Task brief —
Using only the entries below, output the lines starting at the one containing "In the PC settings" and ending at the one containing "So let's double", exactly and inclusive of both, omitting the pictures.

Records provided —
*-*-*

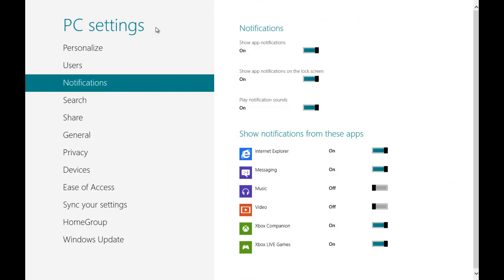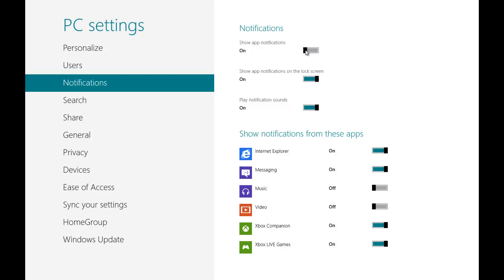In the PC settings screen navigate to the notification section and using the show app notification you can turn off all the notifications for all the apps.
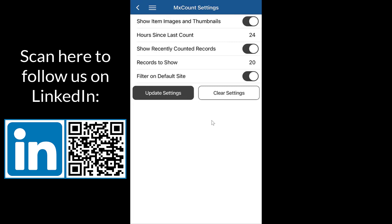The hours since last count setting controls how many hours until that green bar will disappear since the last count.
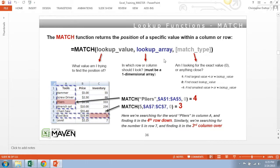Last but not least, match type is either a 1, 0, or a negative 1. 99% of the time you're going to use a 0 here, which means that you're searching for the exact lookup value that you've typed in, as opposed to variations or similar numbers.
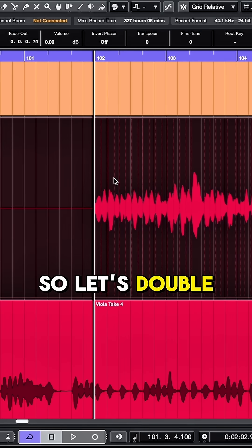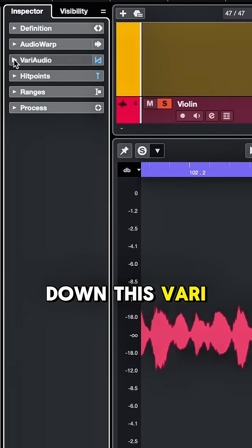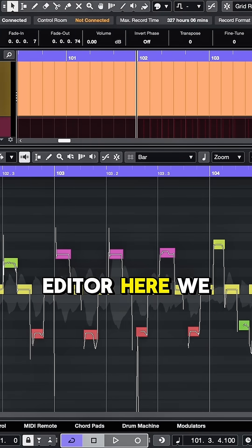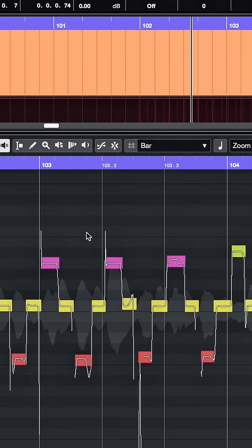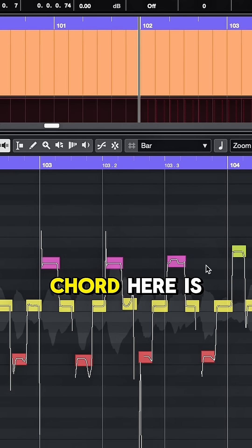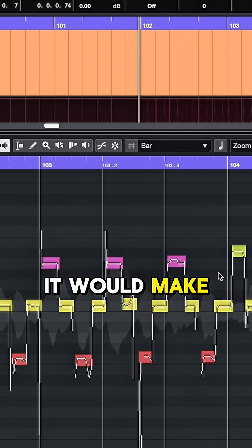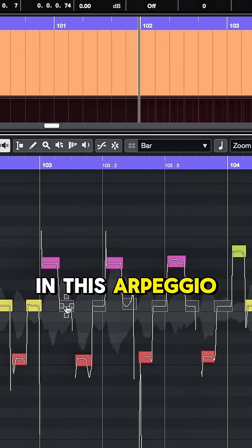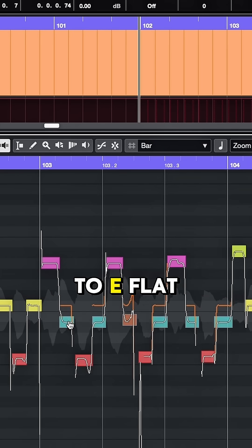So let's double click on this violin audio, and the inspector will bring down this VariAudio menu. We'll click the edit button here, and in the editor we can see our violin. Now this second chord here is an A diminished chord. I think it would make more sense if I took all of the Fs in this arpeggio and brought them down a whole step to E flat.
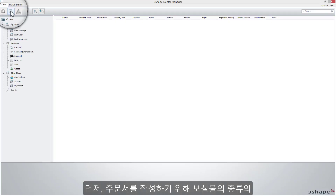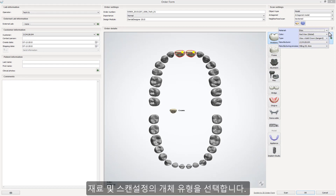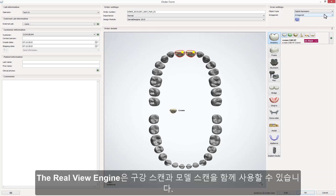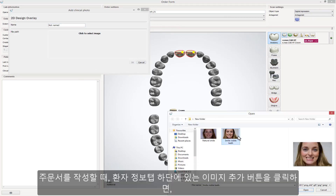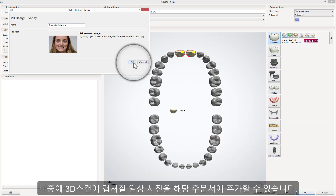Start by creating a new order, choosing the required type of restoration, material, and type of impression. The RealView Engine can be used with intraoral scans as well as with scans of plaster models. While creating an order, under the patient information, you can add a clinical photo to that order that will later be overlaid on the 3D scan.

*-*-*

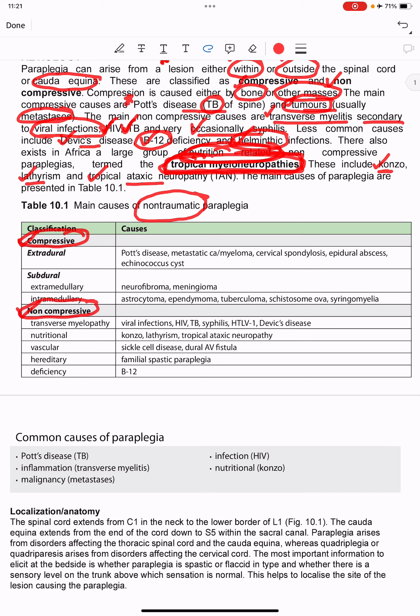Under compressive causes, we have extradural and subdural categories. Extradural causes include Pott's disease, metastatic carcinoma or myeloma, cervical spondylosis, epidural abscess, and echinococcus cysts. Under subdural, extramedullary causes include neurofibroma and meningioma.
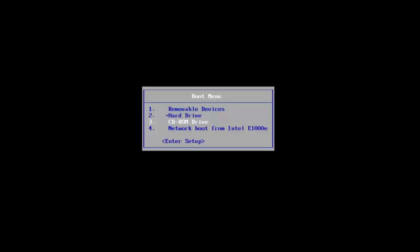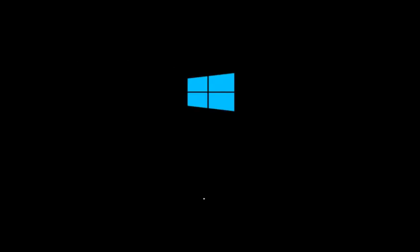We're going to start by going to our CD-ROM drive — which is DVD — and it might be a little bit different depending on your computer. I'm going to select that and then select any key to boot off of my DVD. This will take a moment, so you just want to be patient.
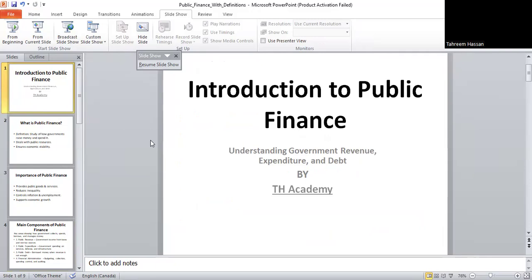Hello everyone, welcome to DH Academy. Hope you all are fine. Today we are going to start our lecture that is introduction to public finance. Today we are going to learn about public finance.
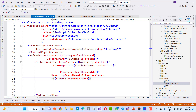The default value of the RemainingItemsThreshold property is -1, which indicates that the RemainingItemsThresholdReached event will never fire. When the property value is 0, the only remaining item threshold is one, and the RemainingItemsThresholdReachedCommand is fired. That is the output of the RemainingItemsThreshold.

*-*-*

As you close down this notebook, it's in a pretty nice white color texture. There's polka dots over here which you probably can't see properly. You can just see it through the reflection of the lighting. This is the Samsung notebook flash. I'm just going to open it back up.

*-*-*

Written solution —
In the PC settings screen navigate to the notification section and using the show app notification you can turn off all the notifications for all the apps.
The hours since last count setting controls how many hours until that green bar will disappear since the last count.
Last but not least, match type is either a 1, 0, or a negative 1. 99% of the time you're going to use a 0 here, which means that you're searching for the exact lookup value that you've typed in, as opposed to variations or similar numbers.
So let's double click on this violin audio, and the inspector will bring down this VariAudio menu. We'll click the edit button here, and in the editor we can see our violin. Now this second chord here is an A diminished chord. I think it would make more sense if I took all of the Fs in this arpeggio and brought them down a whole step to E flat.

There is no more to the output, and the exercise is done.